Maintaining fish populations is important not only to the Slough ecosystem but also for students and faculty, because the fish keep the mosquito population on campus low.
Not all fish are beneficial within the Slough’s ecosystem, though. For instance, goldfish are an invasive species in the Slough. What likely started as students adding their pets to the Slough at the end of the school year has caused larger problems for the water quality, because goldfish stir up sediment at the bottom of the Slough.
The goldfish population was reduced in 2017, when a pipe beneath the Slough collapsed, which flooded the lower campus and drained the waters from its bed. In the aftermath, goldfish were replaced with more native fish and the campus community saw how Augustana looks without the Slough’s waters.
The city’s sewer pipe underneath the water is accessible through the cement square block in the middle of the Slough. According to Swanson, the city is currently looking to improve the pipes so there isn’t another collapse and flood like in 2017.
“The city just made a decision to invest more in that system so that it won’t happen again,” Swanson said. “I don’t know when the work is going to begin on that, but they’re going to either reinforce, bypass, or both, those sewer lines.”
Going forward, certain issues within the Slough’s water can be addressed by students, such as littering and not donating pets like goldfish to the water. Other issues need to be addressed through community involvement, because the water comes into the Slough from the surrounding neighborhoods.
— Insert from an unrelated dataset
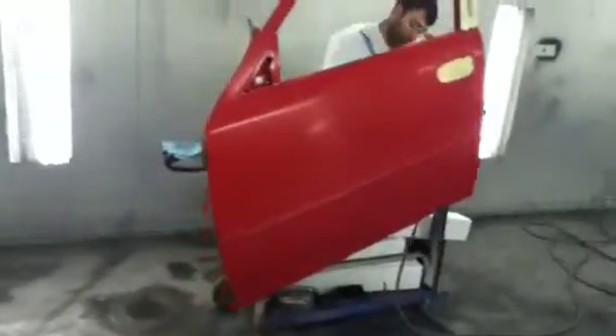Inside the booth, you got the door going black — couldn't find a black one, just got a red one. Fender going black, bumper going black — all new parts to make the car look clean. Stay tuned for the next video.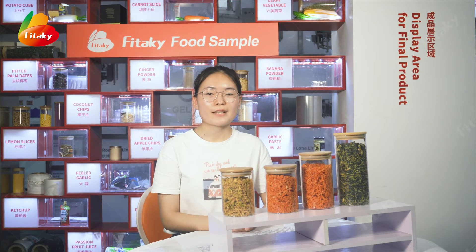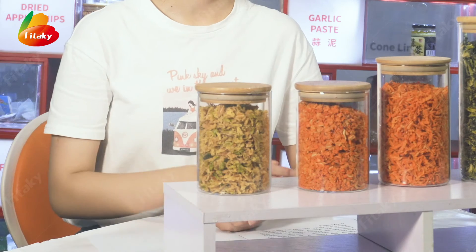Hello everyone, this is Henan Fitaki Food. We are professionally producing dried vegetables — onion, garlic, and ginger. Today we will show you one of our featured products: the dried cabbage.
Aging infrastructure and pipes, litter and road salt usage all contribute to poor water quality. Even how storm drains collect water, running across asphalt instead of being processed by soil first, impacts what is in the water.
Although the Slough is beautiful and the Slough Path makes for a picturesque walk to and from class, it is important to realize that the Slough is also an environment similar to a typical forested pond.
“In a lot of respects, the Slough looks like what a normal pond looks like,” Geedey said. “To us, it may just be a little stream that gurgles past or a pond we walk past on the way to class, but there’s this whole drama of ecosystem processes and life and death that’s going on in that water all the time.”
Understanding what the Slough is and isn’t is important for the campus community to fully appreciate it. Its shape, color and smell are different from an artificial water feature, because the Slough is a complex piece of nature and of Augustana’s ever-changing history.